Работает Калашников удивительно, ни у кого другого я не встречал подобной манеры. На один портрет он мог ставить двадцать, тридцать маленьких приборов — «бэбиков», которыми пользовался как тончайший живописец, отрабатывая нежнейшие рефлексы. При этом качество пленки для него значения словно и не имеет: он знает досконально точнейшие параметры любого типа и из любого умеет выжать максимум. Многие операторы обожают ракурсы, ложатся на спину, лезут на краны — Калашникову милее всего камера, стоящая на уровне глаз. У него не бывает ни пересветок, ни недосветок: всю плоскость кадра он тончайше экспозиционно прорабатывает, причем еще до съемки, один к одному, четко зная, что получит в результате на экране. Материал он смотрит скорее из чистого любопытства — чтобы удостовериться в степени точности этого изначального своего знания. Экспонометром почти не пользуется: до начала съемок сам делает пробу пленки, исходя из результатов пробы рисует на картоночке несколько сенситометрических кривых. Когда кадр отрепетирован, он достает из кармана свою табличку и точно говорит, какую диафрагму ставить. И никогда не ошибается ни на гран. Это абсолютной надежности профессионал и человек, причем надежность та и эта высочайшего художественного и нравственного свойства. Сколько мы ни работали с Калашниковым, ни одного бракованного метра пленки у нас не было, за одним, правда, единственным исключением.
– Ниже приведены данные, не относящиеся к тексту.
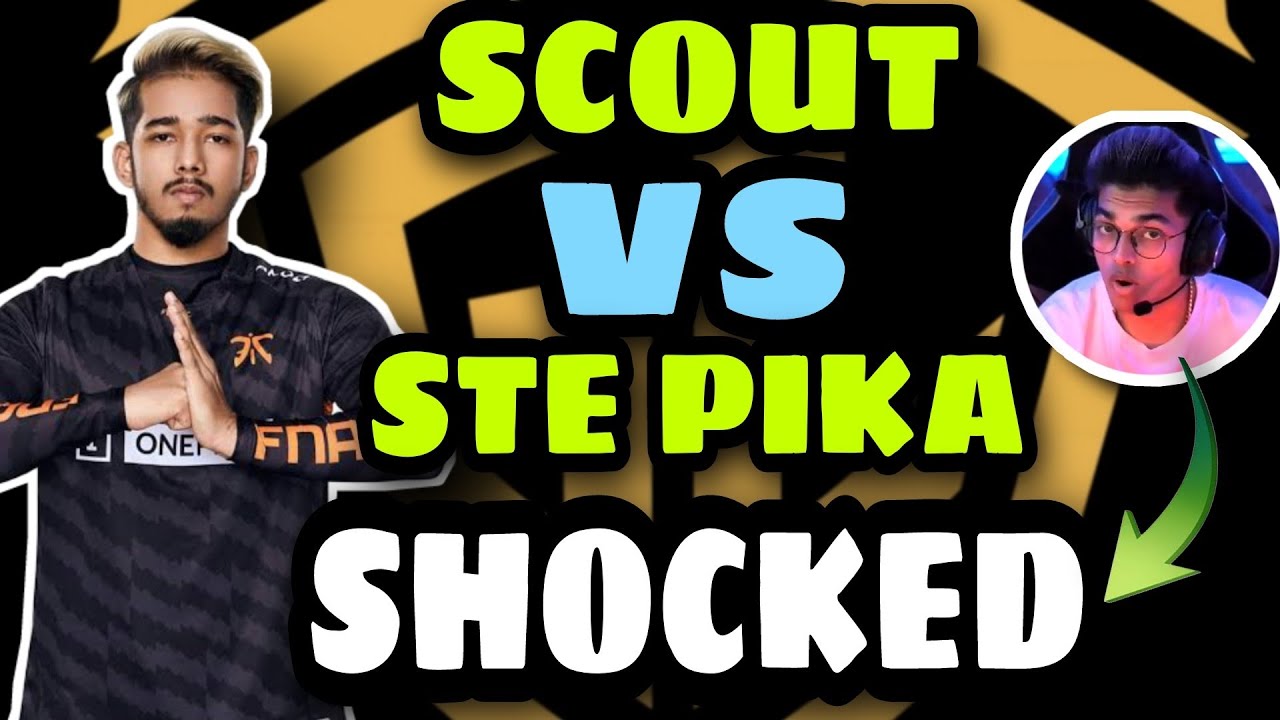 Jonathan shocked on scout vs ste pika pure 1v1 🥶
В те годы, как уже говорилось, в кино была мода выпивать на съемке. Первый съемочный день «Станционного смотрителя» мы с Калашниковым «решили отметить». Купили по дороге в Рублево, где снимали, шампанского. Сняли первый кадр, разбили, как водится, о штатив тарелочку — на счастье, все разобрали себе по осколку, выпили. Шампанское на морозе ударило в головы, тут же достали вторую бутылку, после окончания которой почувствовали себя абсолютными гениями. Обнимались и целовались, уверенные, что более крутых ребят в мировом кино вообще нет. Гоняли по снегу возки, то вереницей, то по одному, снимали то с оттененником, то с разбеливателем — съемка доставляла нам сказочное наслаждение. Обожали друг друга, Пушкина, «Повести Белкина», снег, распутицу, кинематограф. Счастье все прибывало. Выпили еще бутылку, еще… Через два дня посмотрели материал: он словно был снят двумя взбесившимися тупыми кинолюбителями-дебилами, по случаю дорвавшимися до пленки «Кодак». Пленка была то переэкспонирована, то недоэкспонирована — в картину не удалось взять ни малюсенького кадрика…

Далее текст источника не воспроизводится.